The land conference resolved that foreign-owned agricultural land should be expropriated with just compensation, while all underutilised commercial land owned by Namibians are also eligible for expropriation.

Other resolutions from the conference were the implementation of the principle of ‘One Namibian, One Farm’ ration of land allocation among dispossessed communities, war veterans of the liberation struggle and their dependents who should benefit from the 70% share while 30% should be for the national pool.

There should also be a differentiation between settlement programme (land distribution to all Namibians) and resettlement programme (dispossessed communities), while ensuring the prioritisation of women, youth, war veterans, Botswana returnees and persons with disabilities.

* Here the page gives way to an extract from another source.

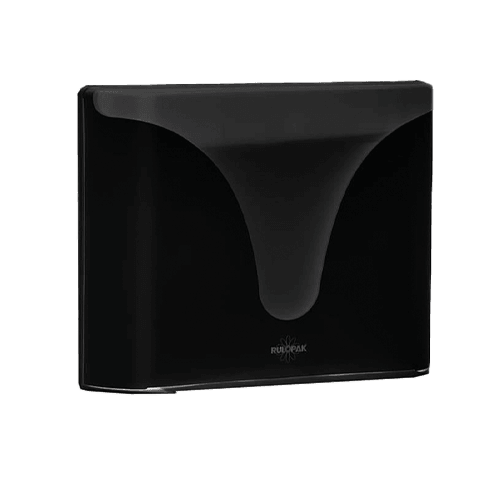 Rulopak Eazy Z Kat Havlu Dispenseri Siyah (303369)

The conference further resolved to gradually remove the veterinary cordon fence in the northern part of Namibia and make special arrangements for the procurement of northern communal farmers produce through the public procurement system.

 

Urban land

On urban land, the conference resolved to include the right to housing as a human right in the Constitution; increase government expenditure from the current 0.1% to at least 10% of GDP; foreign investment in real estate be regulated so that no land can be sold to foreign nationals; residents with ultra-low income be fully subsidized by government through local authorities; government acquire farms adjacent to urban areas and resettle people from those towns.

The conference further resolved that 300,000 housing units be built over the next seven years, municipalities build social housing for the rental market and allow for partially serviced land (sewerage and water) to be sold.